Si parla infine di premierato quando è prevista l’elezione diretta del capo del governo, che però non corrisponde al capo dello stato. Una modalità spesso associata, ma erroneamente, al caso britannico. Si tratta quindi di un caso che non è presente nello scenario europeo.
Vale infine la pena di ricordare che in Europa resistono numerose monarchie parlamentari. E, a giudicare dalla copertura mediatica e dalla partecipazione popolare all’incoronazione di re Carlo III d’Inghilterra, si può affermare che la corona mantenga sempre il suo fascino, nonostante tutto.
Cosa succederà?
Difficile prevedere che cosa succederà, ovviamente. La storia insegna che le riforme condivise difficilmente vedono la luce. Invece di avventurarsi in ardite previsioni, risulta più interessante chiedersi se la forma di governo sia in qualche modo correlata a livelli di democrazia.
Per farlo, è possibile guardare al Democracy index proposto dall’Economist. Il risultato è che ogni regime politico porta buoni e cattivi esempi di democrazia: il semipresidenzialismo in Francia sembra produrre risultati migliori che in Russia, così come il parlamentarismo in Germania e in Ungheria o il presidenzialismo negli Stati Uniti e in Turchia. A conferma che la forma di governo non è né la prima né tantomeno l’unica determinante del grado di democrazia di un paese.

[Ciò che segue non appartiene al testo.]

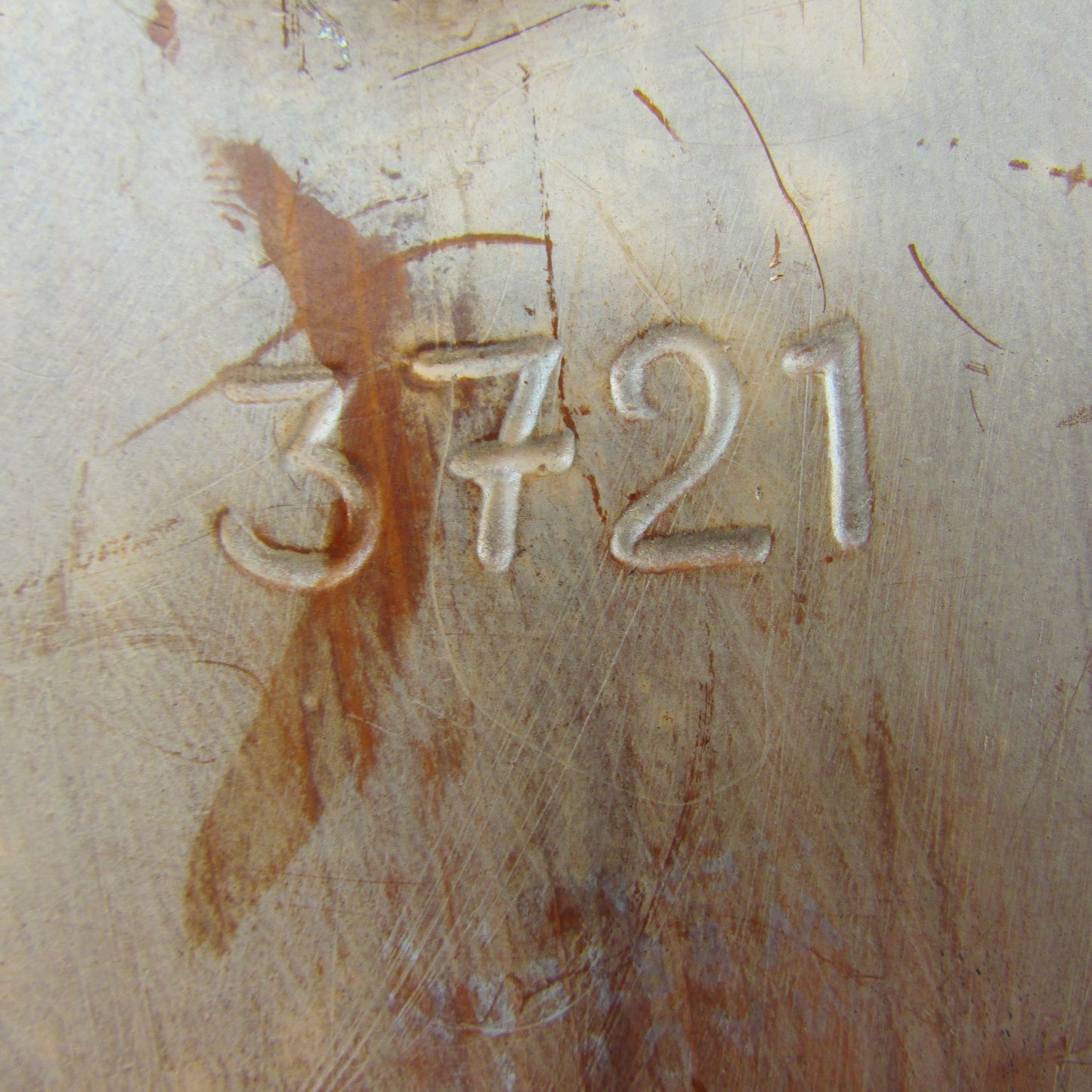 Mid-century Ruscha 3721 girl with hair bow ceramic wall mask/plaque, made in West Germany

Nel 2023 la Costituzione compie 75 anni. Si tratta di un documento ancora attuale, ma ben lungi dall’essere quella carta perfetta che molti si ostinano a difendere. Che si possa riformare, quindi, non è un tabù. Tuttavia, per la qualità del dibattito e del personale politico spesso coinvolto, anche una nuova stagione di fallimenti potrebbe non essere una cattiva notizia.